Mucormycosis, a subtype of a larger category of diseases known as zygomycoses, is an aggressive opportunistic infection which tends to show a proclivity for the rhino-orbital tract[2] While rhino-orbital mucormycosis is typically associated with Rhizopus species, a number of other species have also been implicated, including Mucor, Rhizomucor, Absidia, Apophysomyces, Saksenaea, Cunninghamella, Cokeromyces, and Syncephalastrum.[3]

Epidemiology

Rhino-orbital mucormycosis tends to affect specific patient populations. It is most often associated with diabetes mellitus (type 2 more frequently than type 1, especially with a history of diabetic ketoacidosis). Other associated conditions include neutropenia, hematologic malignancy, chronic steroid or immunosuppressive drug use, history of transplant, and history of multiple blood transfusions.[2] [4]

Diagnosis

Signs and Symptoms

Initial symptoms of sinus-involving mucormycosis are consistent with acute or chronic sinusitis; congestion, blood-tinged secretions, rhinorrhea, headaches, fever, and malaise. Findings of pre-septal cellulitis (soft tissue swelling, eyelid edema/erythema, and conjunctival injection) are also possible. Involvement of the orbit is heralded by findings of chemosis, proptosis, extra-ocular motility deficits, multiple cranial neuropathies (namely CN III, V-1, V-2 and/or VI secondary to cavernous sinus involvement/thrombosis), and loss of vision. Involvement of the contralateral eye can be an indication of extension, namely via the cavernous sinus. Development of neurologic findings such as mental status changes, seizures, or other focal neurologic deficits can indicate intra-cranial extension. [5][6][7]

Diagnostic procedures

In addition to identification of the above clinical signs and symptoms, imaging can be helpful in diagnosis. Contrasted computed tomography (CT) of the orbits and/or paranasal sinuses can show contrast-enhancing hypodense soft-tissue thickening of the involved sinuses, most commonly the ethmoid and maxillary sinuses. Magnetic resonance imaging (MRI) can show T2 iso-intense to hypo-intense soft tissue thickening and heterogenous post-contrast enhancement. Bony erosion is less common but can occur.[8] Diffusion-weighted images can show increased intensity in the affected areas secondary to restricted diffusion from infarcted mucosa.[9] Direct visualization of the nasal mucosa and para-nasal sinuses can reveal dark, necrotic tissue and a characteristic black eschar which results from vascular invasion and tissue infarction.[10]

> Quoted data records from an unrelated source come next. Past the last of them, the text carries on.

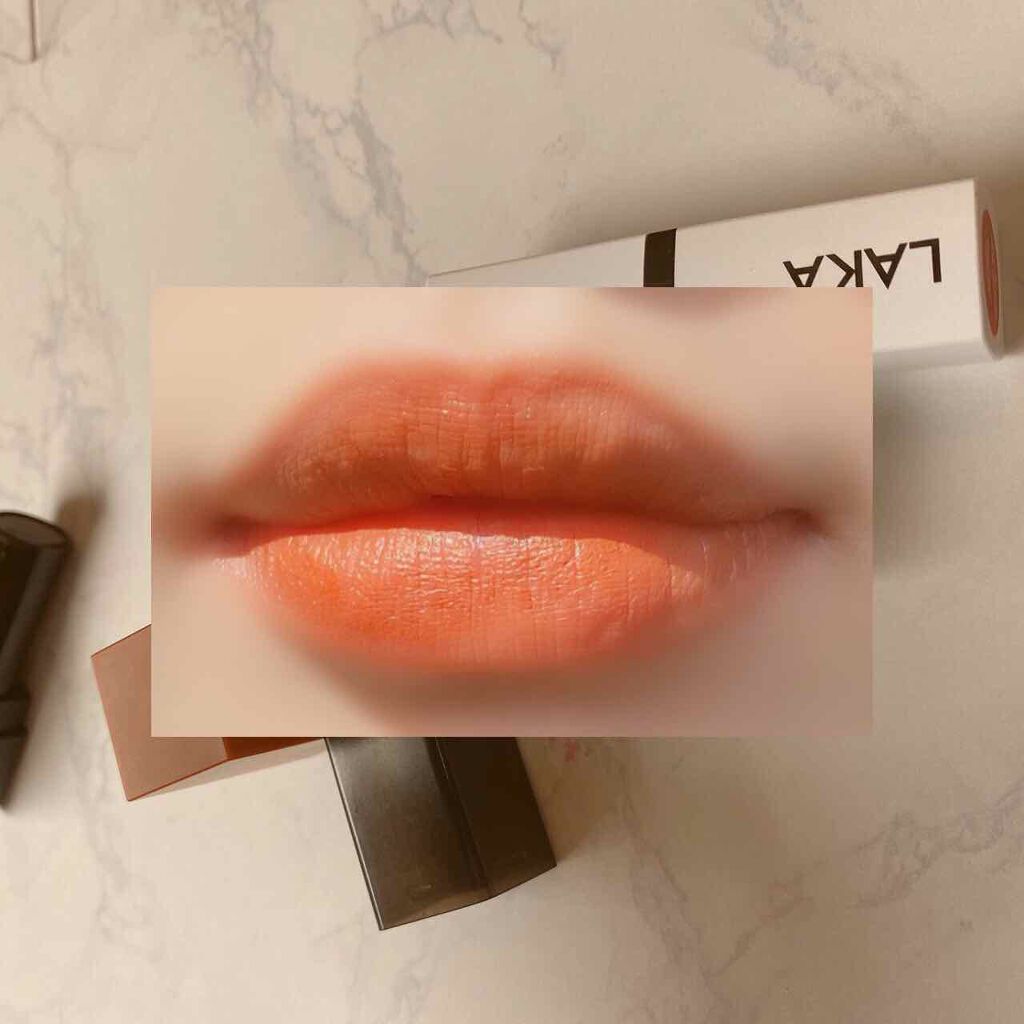 3CE MOOD RECIPE LIP COLOR/3CE/口紅を使ったクチコミ(2枚目)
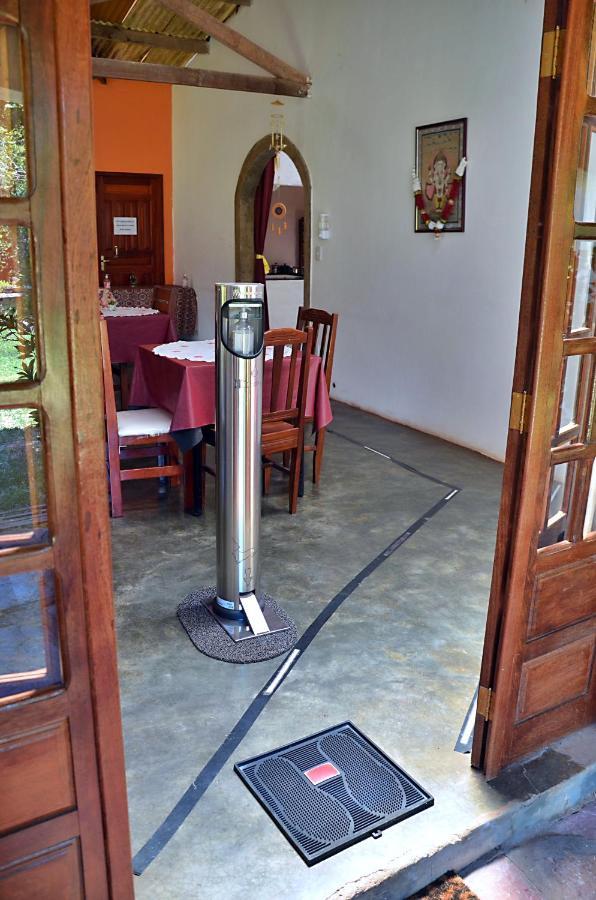 Pousada Lakshmi Hotel Vale do Capao Kültér fotó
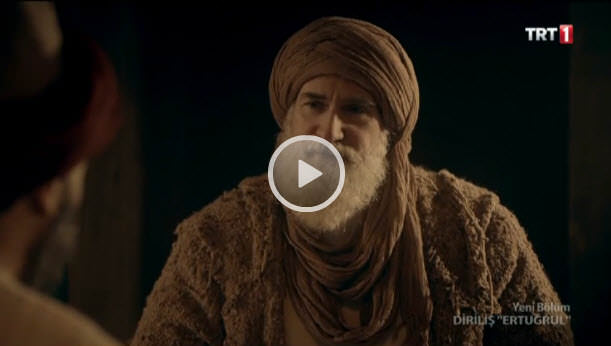 Diriliş Ertuğrul nefes kesti!-2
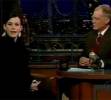 'Late Show' with David Letterman, December 20th 2002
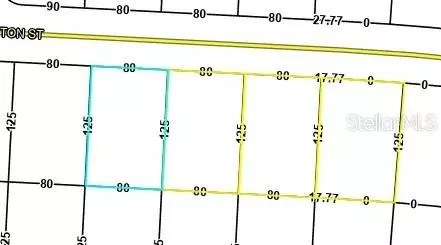 lot8 Unit 7 Blk 458 Trenton St, Chipley, FL 32428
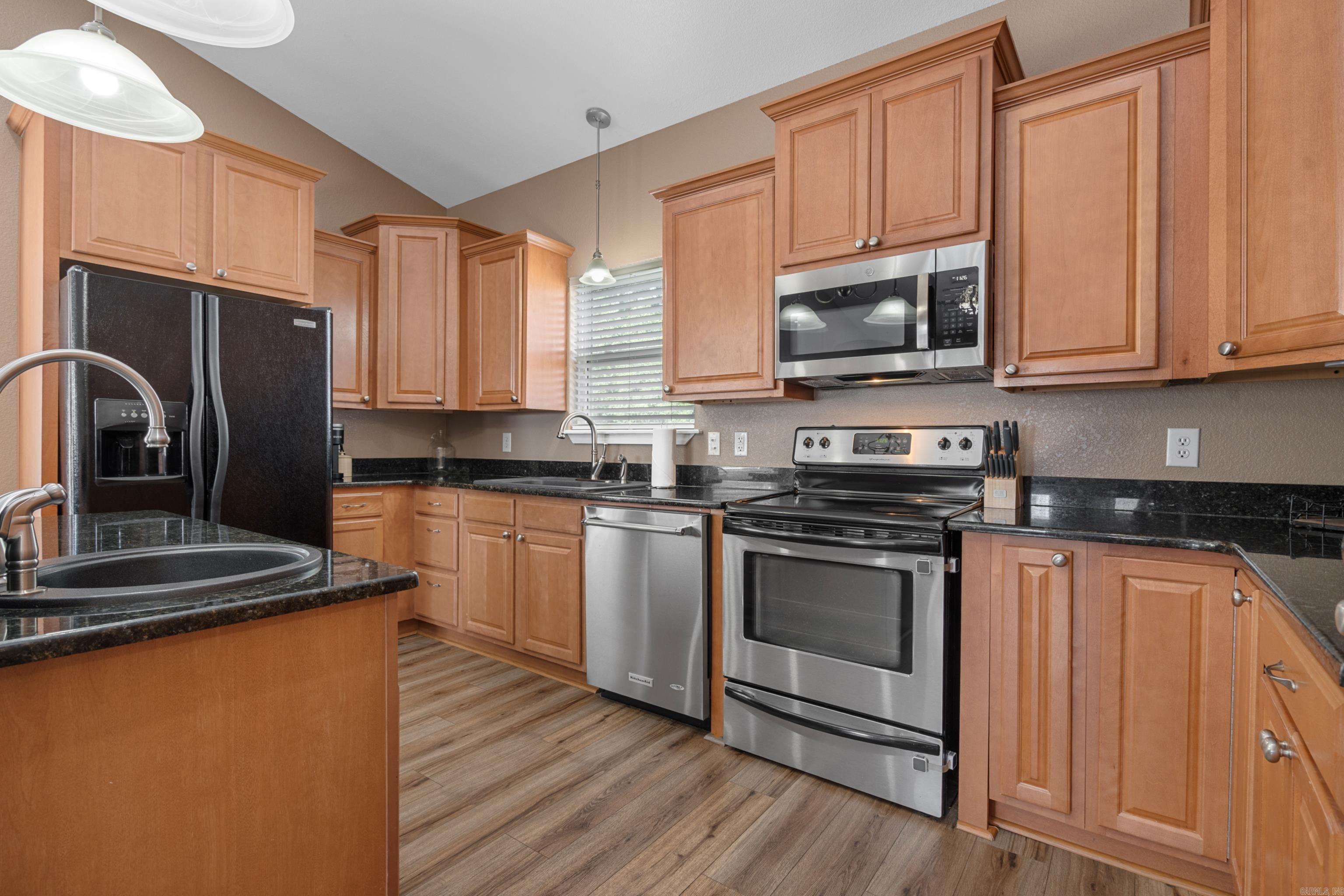 Buena Vista HPR - Residential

Definitive diagnosis of mucormycosis can be made via histopathologic evaluation of tissue via biopsy or scraping. Staining of biopsy specimens with calcaflour white, periodic-acid Schiff (PAS), or Grocott-Gomori methenamine-silver stains demonstrates broad, irregular, non-septated hyphae branching at 90 degrees, which are pathognomonic for mucormycosis[11].

Management

General treatment

Early recognition and initiation of appropriate treatment is of paramount importance with regards to outcomes. Urgent correction of underlying metabolic derangements such as hyperglycemia and metabolic ketoacidosis and tapering of corticosteroids or immunosuppressive medications should be pursued if possible. The mainstay of medical treatment remains intravenous anti-fungals, namely lipid-soluble amphoteracin-B at a dose of 5-7.5 mg/kg/day.[12] Although older formulations of azole antifungals (fluconazole, voriconazole) have shown no efficacy in treatment of mucormycosis, recent studies have shown some success with posaconazole as a second line agent or in combination with amphoteracin.[12] Additionally, recent case reports have detailed the use of adjunctive transcutaneous retrobulbar amphotericin B injections (5mL of 1mg/ml daily for 7 days) in additional to intravenous therapy.[13] Recently, studies have shown a correlation of decreased rates of exenteration in patients receiving retrobulbar administration of amphoteracin-B, but without change in mortality rate.[14][15] Finally, hyperbaric oxygen (100% oxygen saturation at 2.5 - 3 ATA) and iron chelation therapy have both been described in the literature as possible adjunctive treatment modalities.[16]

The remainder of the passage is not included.